DIRECTIONS: Two lines in the listing below mark the span: one contains "Location ou achat" and one contains "Sketch style witchcraft". Reproduce both of them and everything between, exactly.

DATA FOR REVIEW:
────────────────────────────────────────

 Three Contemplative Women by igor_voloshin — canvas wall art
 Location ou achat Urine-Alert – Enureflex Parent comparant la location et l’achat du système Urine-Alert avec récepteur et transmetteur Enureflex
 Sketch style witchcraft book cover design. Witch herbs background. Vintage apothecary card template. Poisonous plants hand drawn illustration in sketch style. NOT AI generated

────────────────────────────────────────

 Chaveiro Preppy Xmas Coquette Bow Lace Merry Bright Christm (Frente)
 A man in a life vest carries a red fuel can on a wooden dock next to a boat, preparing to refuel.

────────────────────────────────────────

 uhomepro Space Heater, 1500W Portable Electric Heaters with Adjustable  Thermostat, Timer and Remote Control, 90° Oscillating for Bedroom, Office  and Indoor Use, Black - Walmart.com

────────────────────────────────────────

YOUR RESPONSE:
 Location ou achat Urine-Alert – Enureflex Parent comparant la location et l’achat du système Urine-Alert avec récepteur et transmetteur Enureflex
 Sketch style witchcraft book cover design. Witch herbs background. Vintage apothecary card template. Poisonous plants hand drawn illustration in sketch style. NOT AI generated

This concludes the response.